Rich dynastic symbols in the coin design affirm the continuity between Mary's reign and that of her father Henry VIII and half-brother Edward VI. At the feet of the enthroned monarch lies a portcullis: this type of latticed gate was used in fortifications like the Tower of London and adopted as the heraldic badge of the House of Beaufort, to which the first Tudor monarch, Henry VII, belonged. Ancestral Tudor emblems also dominate the reverse: a splendid Tudor rose acts as a backdrop to the shield of arms. As royal badge of the Tudor house, this rose represented unity between the Lancastrian and Yorkist Houses following the marriage of Henry VII and Elizabeth of York and celebrated the royal lineage of Mary on her coinage. The pomegranate mint mark not only evoked the classical-era associations with fertility appropriate to a childless queen, but also closely identified Mary with her mother, Catherine of Aragon. Historically used to display Catholic triumph over the Moors in 1492 as an emblem on the Spanish royal arms, the pomegranate, entwined with the Tudor rose under a single crown, was illustrated on the manuscript presented by Thomas More to Catherine and Henry upon their coronation (British Library, Cotton MS Titus D.iv, fo. 12V). Mary's revival of the pomegranate symbol and her use of the Tudor rose on the present coin thus made explicit her dual royal parentage. In fact, the relationship between the queen and her Tudor family had been fraught: after King Henry divorced her mother, Mary had even been reduced to serve as lady-in-waiting to Anne Boleyn's daughter and was only allowed back into court favour in 1536 after acknowledging her own illegitimacy. However, the dynastic symbolism of the current type obscures the historically unstable reality of Mary's legitimacy and instead celebrates her royal lineage.

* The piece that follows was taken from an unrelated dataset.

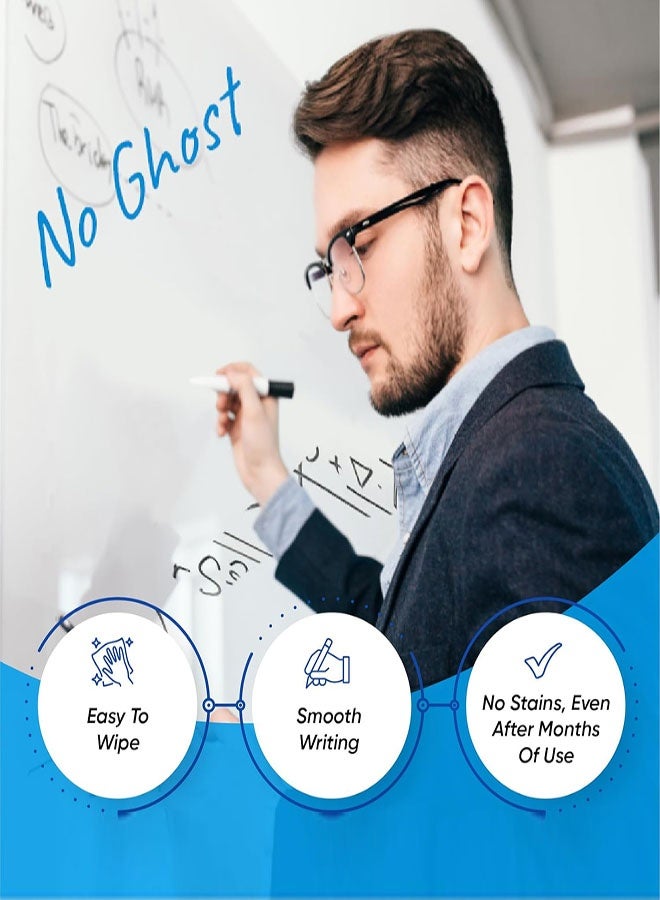 ملصق لوح أبيض ذاتي اللصق، 60 × 200 سم بدون ظلال، لفة لوح أبيض قابل للمسح الجاف، ورق لوح أبيض ذاتي اللصق مقاوم للبقع للاستخدام المنزلي والمكتبي والصفوف الدراسية - Image 5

As Mary met her death after only five years as queen, this type forms part of a fairly limited coin production during her reign. In a proclamation released soon after her succession, Mary announced her intention to provide 'coynes as well of gold as of silver of the perfect fineness' (August 20th, 1553 Harl. MSS. 660), an ambition surely satisfied by the 'fineness' of this present type. However, the queen either closed or did not reopen the country mints active under Edward, possibly because her coinage was produced in quantities so limited as to be satisfied by the central mint at the Tower alone (H. Symonds, 'The Coinage of Queen Mary Tudor', 1912). This delicately carved gold type, then, provides a rare and captivating representation of a queen with a greatly controversial reputation, despite the brevity of her reign.